**TO DO**
Using the data below, copy out all lines with the word "Soft".

**DATA FOR PROCESSING**
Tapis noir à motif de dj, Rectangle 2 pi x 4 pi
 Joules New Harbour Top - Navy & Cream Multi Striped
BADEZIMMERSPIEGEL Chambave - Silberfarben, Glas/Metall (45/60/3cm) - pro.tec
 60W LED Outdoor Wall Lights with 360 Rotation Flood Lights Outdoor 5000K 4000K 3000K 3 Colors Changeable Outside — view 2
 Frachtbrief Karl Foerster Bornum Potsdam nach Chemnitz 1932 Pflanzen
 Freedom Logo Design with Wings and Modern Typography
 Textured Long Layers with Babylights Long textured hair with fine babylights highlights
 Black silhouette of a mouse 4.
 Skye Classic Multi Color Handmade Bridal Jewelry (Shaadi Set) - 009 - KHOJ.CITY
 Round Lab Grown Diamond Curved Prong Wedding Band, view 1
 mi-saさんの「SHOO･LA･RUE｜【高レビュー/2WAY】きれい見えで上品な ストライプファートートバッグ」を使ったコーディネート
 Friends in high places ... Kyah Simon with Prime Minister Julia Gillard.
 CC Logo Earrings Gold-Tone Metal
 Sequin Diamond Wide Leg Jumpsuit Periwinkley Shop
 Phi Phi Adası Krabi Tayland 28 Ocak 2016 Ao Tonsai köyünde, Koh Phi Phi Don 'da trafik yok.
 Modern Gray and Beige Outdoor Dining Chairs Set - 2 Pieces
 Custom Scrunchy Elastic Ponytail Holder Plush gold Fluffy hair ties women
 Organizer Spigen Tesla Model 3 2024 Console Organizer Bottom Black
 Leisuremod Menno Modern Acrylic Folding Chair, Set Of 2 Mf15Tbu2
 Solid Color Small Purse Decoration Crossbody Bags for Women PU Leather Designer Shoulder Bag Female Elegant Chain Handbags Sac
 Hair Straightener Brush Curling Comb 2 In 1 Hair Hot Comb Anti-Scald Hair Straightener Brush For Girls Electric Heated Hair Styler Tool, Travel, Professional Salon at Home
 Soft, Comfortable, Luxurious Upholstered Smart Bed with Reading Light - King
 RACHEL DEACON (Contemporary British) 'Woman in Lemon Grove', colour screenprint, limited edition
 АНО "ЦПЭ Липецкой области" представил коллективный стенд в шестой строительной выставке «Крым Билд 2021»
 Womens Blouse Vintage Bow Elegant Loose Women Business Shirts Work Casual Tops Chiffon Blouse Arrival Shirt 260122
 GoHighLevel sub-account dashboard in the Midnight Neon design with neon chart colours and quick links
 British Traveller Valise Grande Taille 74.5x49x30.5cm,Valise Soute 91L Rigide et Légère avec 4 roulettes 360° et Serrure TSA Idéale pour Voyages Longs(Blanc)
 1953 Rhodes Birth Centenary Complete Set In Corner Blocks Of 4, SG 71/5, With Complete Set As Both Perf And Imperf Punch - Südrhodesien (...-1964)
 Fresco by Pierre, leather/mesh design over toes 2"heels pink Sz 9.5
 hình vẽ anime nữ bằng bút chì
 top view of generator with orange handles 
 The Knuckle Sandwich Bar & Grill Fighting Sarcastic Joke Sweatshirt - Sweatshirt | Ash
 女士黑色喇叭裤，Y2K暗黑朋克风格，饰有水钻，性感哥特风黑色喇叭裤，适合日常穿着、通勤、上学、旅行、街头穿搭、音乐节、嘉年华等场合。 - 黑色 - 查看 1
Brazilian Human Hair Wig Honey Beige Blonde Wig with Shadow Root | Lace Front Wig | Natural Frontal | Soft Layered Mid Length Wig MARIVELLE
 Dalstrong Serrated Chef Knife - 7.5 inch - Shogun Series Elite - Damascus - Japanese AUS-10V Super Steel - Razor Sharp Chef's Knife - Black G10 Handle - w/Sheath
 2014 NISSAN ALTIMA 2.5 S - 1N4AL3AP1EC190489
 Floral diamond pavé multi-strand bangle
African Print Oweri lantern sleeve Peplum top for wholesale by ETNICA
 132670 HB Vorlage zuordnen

**EXERCISE ANSWER**
 Soft, Comfortable, Luxurious Upholstered Smart Bed with Reading Light - King
Brazilian Human Hair Wig Honey Beige Blonde Wig with Shadow Root | Lace Front Wig | Natural Frontal | Soft Layered Mid Length Wig MARIVELLE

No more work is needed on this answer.